In comments I was asked to write about yesterday’s elections in Germany. But I find it difficult to describe my country from its inside. There are already good reviews available and Conor Gallagher at Naked Capitalism has done a great job with this one which I highly recommend to read:
Germany Holds an Election in an Alternate Reality – Naked Capitalism, Feb 24 2025
In the alternate reality of German politics the U.S. is a friend. It did not blow up the Nord Stream pipeline and it did nothing to provoke the proxy war with Russia. In the alternate reality the Weakness in the German Manufacturing Sector has not been caused by it.
In the alternate reality it is all about ‘values’.
The legendary writer Billmon had named his blog Whiskey Bar. It was a reference to the Alabama Song by Berthold Brecht. When Billmon closed the comments at his site I opened this blog as an alternative. I named it Moon of Alabama in reference to the chorus of that song.
The German election has brought another Brecht opera to my mind.
Living in their alternate reality the ruling parties in Germany have forgotten that “Fressen” (Engl.: guzzling, seizure, scoring) comes before “Moral” (Engl.: ethics, morale, values).
The voters have honored that by looking and voting for ‘alternatives’:
Berhold Brecht, Dreigroschenoper, NR. 15. ZWEITES DREIGROSCHEN-FINALE.
MAC – Ihr Herrn, die ihr uns lehrt, wie man brav leben Und Sünd’ und Missetat vermeiden kann, Zuerst müßt ihr uns was zu fressen geben, Dann könnt ihr reden: Damit fängt es an.
Ihr, die ihr euren Wanst und uns’re Bravheit liebt, Das eine wisset ein für allemal: Wie ihr es immer dreht und wie ihr’s immer schiebt, Erst kommt das Fressen, dann kommt die Moral.

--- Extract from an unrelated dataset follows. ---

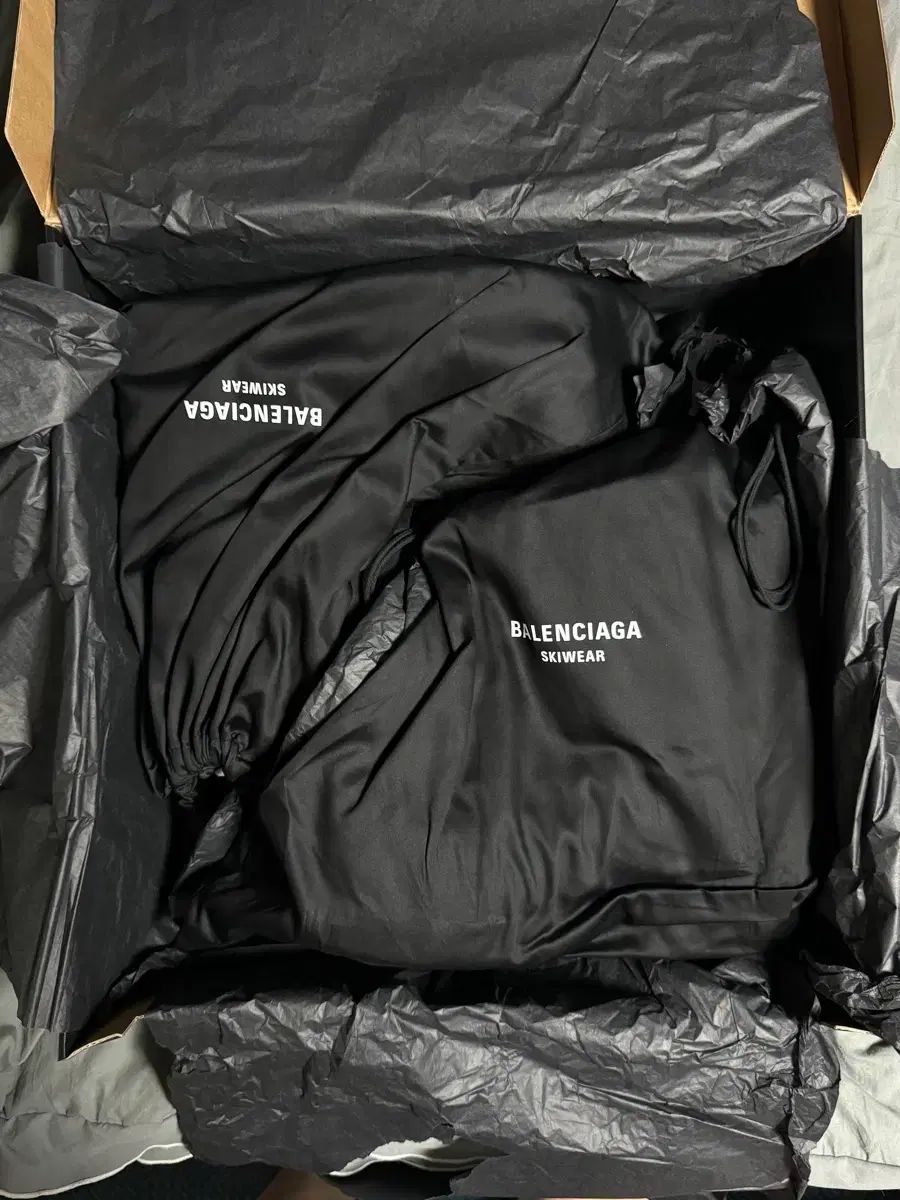 45 46 バレンシアガ スキーウェア アラスカ ナイロン ロー スキーブーツ ブラック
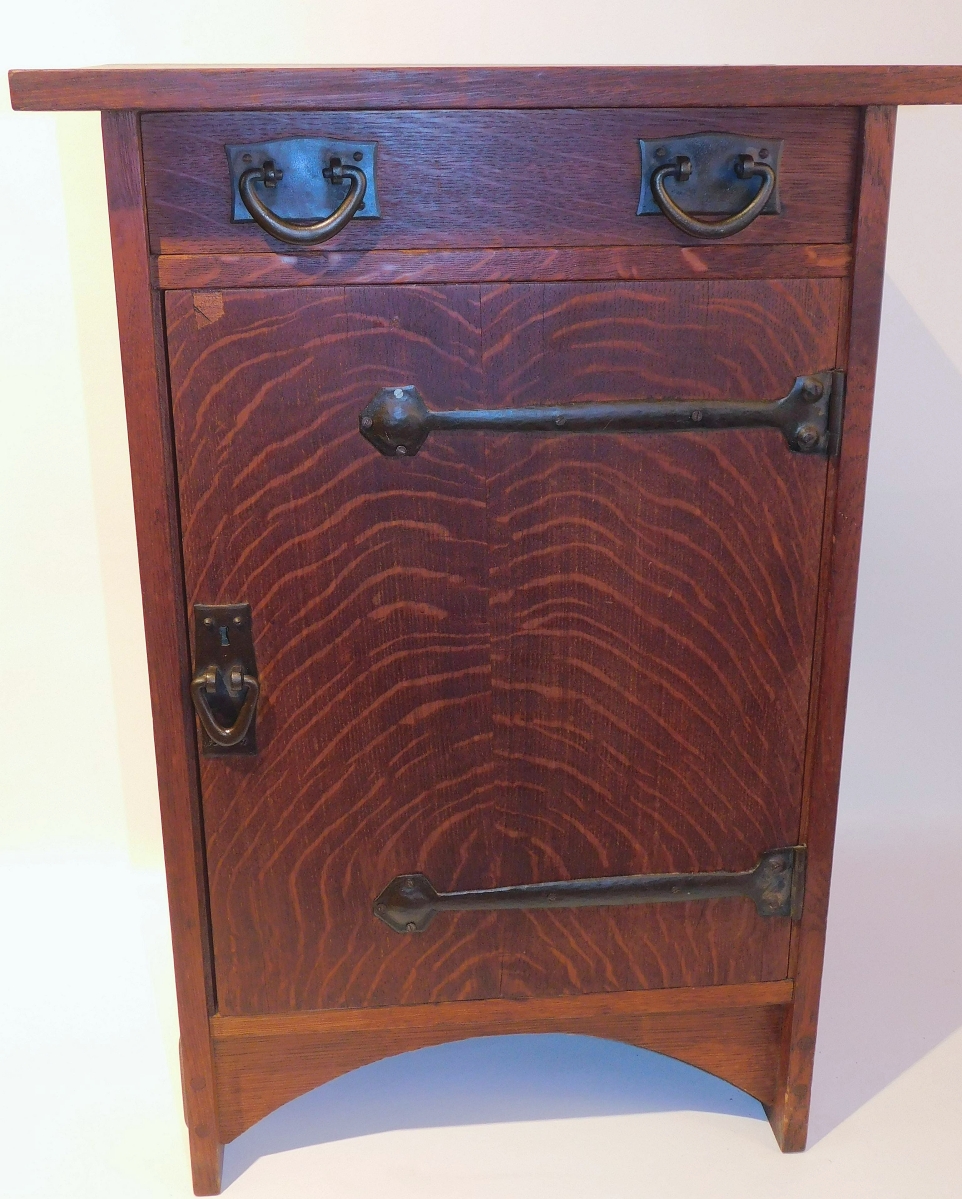 A New Jersey collector paid $6,222 for this Gustav Stickley smoker’s stand that was designed by Harvey Ellis around 1904. Like many of the other Arts and Crafts pieces, it was from a Martha’s Vineyard estate. ($ ,000)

Erst muß es möglich sein auch armen Leuten, Vom großen Brotlaib sich ihr Teil zu schneiden.
HINTER DER SZENE – Denn wovon lebt der Mensch?
Berhold Brecht, Three-Penny Opera, 15th ACT, II FINALE
M. – You gentlemen preach to us that honesty is the best policy. Stay clear of sin and crookedness, you say. First tell us how to fill our stomachs, then you can talk, that’s how to begin.
You who have a great time getting fat while we stay honest, learn a lesson, once and for all; no matter how you twist and turn, no matter what you’re shooting at, first come the eats and then the moralizing.
First the people who have nothing must get a slice of your loaf of bread.
CROWD — On what does a person live?
I have voted for the BSW, the new party of the ‘conservative socialist’ Sarah Wagenknecht. In my view it is the only party which has understood Brecht’s warning to the rulers: Pragmatism, here: bread through peace with Russia and migration limits, must come first; before all appeals to abstract ‘values’, ethics and morale.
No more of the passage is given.